DIRECTIONS –
Copying exactly, give the lines in the material below from the one with "prodotto, immagine di marca" to the one with "Sondaggi di opinione", ends included, and nothing besides.
** EXERCISE DATA follows **
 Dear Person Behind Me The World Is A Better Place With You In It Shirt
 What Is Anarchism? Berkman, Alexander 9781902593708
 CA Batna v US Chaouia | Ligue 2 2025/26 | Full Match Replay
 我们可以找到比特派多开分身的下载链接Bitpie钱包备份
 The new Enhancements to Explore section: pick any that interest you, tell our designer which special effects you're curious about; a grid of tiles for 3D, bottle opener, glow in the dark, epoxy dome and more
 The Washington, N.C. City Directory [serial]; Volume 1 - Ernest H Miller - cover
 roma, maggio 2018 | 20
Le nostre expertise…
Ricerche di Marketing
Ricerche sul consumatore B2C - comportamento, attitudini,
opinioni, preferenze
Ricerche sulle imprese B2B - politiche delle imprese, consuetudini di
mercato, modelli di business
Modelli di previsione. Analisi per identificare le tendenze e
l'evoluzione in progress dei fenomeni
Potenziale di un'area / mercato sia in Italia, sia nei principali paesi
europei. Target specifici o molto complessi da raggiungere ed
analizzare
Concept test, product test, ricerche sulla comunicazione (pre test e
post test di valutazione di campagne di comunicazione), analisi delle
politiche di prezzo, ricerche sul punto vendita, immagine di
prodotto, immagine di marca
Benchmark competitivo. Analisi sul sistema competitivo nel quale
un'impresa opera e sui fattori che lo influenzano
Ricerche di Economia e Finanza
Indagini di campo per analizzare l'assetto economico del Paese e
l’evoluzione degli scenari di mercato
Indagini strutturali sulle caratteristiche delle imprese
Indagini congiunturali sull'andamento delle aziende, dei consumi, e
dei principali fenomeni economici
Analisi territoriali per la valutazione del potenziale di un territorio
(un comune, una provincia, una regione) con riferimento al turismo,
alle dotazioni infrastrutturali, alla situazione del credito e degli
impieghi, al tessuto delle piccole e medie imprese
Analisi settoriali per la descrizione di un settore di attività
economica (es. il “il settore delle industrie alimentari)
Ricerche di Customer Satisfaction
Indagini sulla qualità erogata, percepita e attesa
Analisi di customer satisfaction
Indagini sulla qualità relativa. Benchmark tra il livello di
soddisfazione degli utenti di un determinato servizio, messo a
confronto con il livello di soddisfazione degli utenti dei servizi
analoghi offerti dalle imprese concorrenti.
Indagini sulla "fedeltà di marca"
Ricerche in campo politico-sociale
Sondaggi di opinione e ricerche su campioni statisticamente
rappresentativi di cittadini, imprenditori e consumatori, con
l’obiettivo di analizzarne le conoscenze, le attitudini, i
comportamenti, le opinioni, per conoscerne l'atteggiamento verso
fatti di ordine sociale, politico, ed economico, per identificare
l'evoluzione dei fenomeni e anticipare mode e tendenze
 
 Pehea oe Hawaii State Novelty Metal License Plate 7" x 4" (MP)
** End of EXERCISE DATA **
RESULT –
prodotto, immagine di marca
Benchmark competitivo. Analisi sul sistema competitivo nel quale
un'impresa opera e sui fattori che lo influenzano
Ricerche di Economia e Finanza
Indagini di campo per analizzare l'assetto economico del Paese e
l’evoluzione degli scenari di mercato
Indagini strutturali sulle caratteristiche delle imprese
Indagini congiunturali sull'andamento delle aziende, dei consumi, e
dei principali fenomeni economici
Analisi territoriali per la valutazione del potenziale di un territorio
(un comune, una provincia, una regione) con riferimento al turismo,
alle dotazioni infrastrutturali, alla situazione del credito e degli
impieghi, al tessuto delle piccole e medie imprese
Analisi settoriali per la descrizione di un settore di attività
economica (es. il “il settore delle industrie alimentari)
Ricerche di Customer Satisfaction
Indagini sulla qualità erogata, percepita e attesa
Analisi di customer satisfaction
Indagini sulla qualità relativa. Benchmark tra il livello di
soddisfazione degli utenti di un determinato servizio, messo a
confronto con il livello di soddisfazione degli utenti dei servizi
analoghi offerti dalle imprese concorrenti.
Indagini sulla "fedeltà di marca"
Ricerche in campo politico-sociale
Sondaggi di opinione e ricerche su campioni statisticamente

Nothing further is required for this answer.